Se escuchan gritos y llantos por la soberanía malherida. ¿Por qué un juez español viene a meter la nariz en nuestros asuntos? Y la policía británica, ¿qué se habrá creído?
Ahora, los devotos de San Augusto Mártir anuncian el boicot contra el whisky escocés, los cigarrillos ingleses y las empresas españolas. Súbitamente convertidos al antiimperialismo, los pinochetistas denuncian a la colonialista España y a la pérfida Albión. Pero, hasta ayer nomás, Pinochet había sido espada de la hispanidad, discípulo de Francisco Franco, y soldado de Margaret Thatcher en la guerra de las Malvinas.
La versión ciclópea de la dignidad nacional ha sido certeramente expresada por el presidente argentino Carlos Menem, que declaró, después de vender su país a precio de banana:
-Nosotros hemos hecho bien los deberes.
La dignidad nacional consiste en obedecer a la maestra, que dicta sus clases en los pizarrones del Fondo Monetario Internacional, el Banco Mundial y otras instituciones educativas.
¿Adónde vamos a parar? A este paso, ninguno de nuestros asesinos de uniforme podrá hacer turismo fuera del barrio.
Los presidentes latinoamericanos están muy preocupados por la violación del principio de territorialidad de la justicia. Los gobiernos ya no gobiernan, sometidos como están al despotismo planetario de la banquería internacional; pero el cíclope tiene su ojo clavado en los límites del mapa, y por defenderlos suele meterse en guerras contra los vecinos.
Augusto Pinochet, víctima reciente del desborde extraterritorial de la justicia, supo ser uno de los campeones de la extraterritorialidad. El fue uno de los artífices del Plan Cóndor, la internacional del terror que coordinó el trabajo sucio de las dictaduras de Argentina, Bolivia, Brasil, Chile, Paraguay y Uruguay. Militares y policías se movían, por toda la región, como Perico por su casa, y para ellos no existían las fronteras. Este mercado común latinoamericano, el de la muerte, ha sido el único mercado común que ha funcionado con ejemplar eficacia entre nuestros diversos países.
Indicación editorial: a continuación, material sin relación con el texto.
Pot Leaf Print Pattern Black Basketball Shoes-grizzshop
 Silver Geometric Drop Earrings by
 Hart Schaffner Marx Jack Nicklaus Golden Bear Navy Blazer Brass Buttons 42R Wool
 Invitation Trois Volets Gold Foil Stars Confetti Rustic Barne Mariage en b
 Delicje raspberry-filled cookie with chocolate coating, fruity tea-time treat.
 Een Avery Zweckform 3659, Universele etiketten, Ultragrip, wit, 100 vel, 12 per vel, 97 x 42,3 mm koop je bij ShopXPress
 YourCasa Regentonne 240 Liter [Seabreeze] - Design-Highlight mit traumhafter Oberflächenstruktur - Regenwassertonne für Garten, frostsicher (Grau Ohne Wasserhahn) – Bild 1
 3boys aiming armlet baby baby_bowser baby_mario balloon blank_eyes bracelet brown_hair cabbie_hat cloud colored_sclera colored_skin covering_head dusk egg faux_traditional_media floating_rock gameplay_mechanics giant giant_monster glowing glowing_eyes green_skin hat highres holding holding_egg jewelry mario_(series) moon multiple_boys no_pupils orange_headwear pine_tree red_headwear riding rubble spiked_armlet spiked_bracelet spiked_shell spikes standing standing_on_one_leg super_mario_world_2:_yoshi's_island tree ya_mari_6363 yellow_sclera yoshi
Hasta hace veinte años, se secuestraba gente en cualquier lugar, fuera cual fuese la nacionalidad de los secuestradores y de los secuestrados, y se torturaba y exterminaba mirando a quién pero sin mirar adónde.
Así se explica, por ejemplo, que la ciudad de Buenos Aires haya sido, al mismo tiempo, el matadero de miles de argentinos y también de muchos exiliados latinoamericanos de varios países, como el general chileno Carlos Prats, que había sido ministro de Allende, el general Juan José Torres, que había sido presidente de Bolivia, y los parlamentarios uruguayos Zelmar Michelini y Héctor Gutiérrez Ruiz. También sucumbieron allí muchos ciudadanos españoles e italianos y algunos franceses, suecos, suizos y de otros países: por ellos está actuando, pero no sólo por ellos, la justicia europea.
Pase lo que pase, llegue hasta donde llegue, es de agradecer este golpe de buen viento. Hace años, había anunciado Pablo Neruda: “Algo aparecerá en el aire inmóvil, un solidario sonido en la ventana”.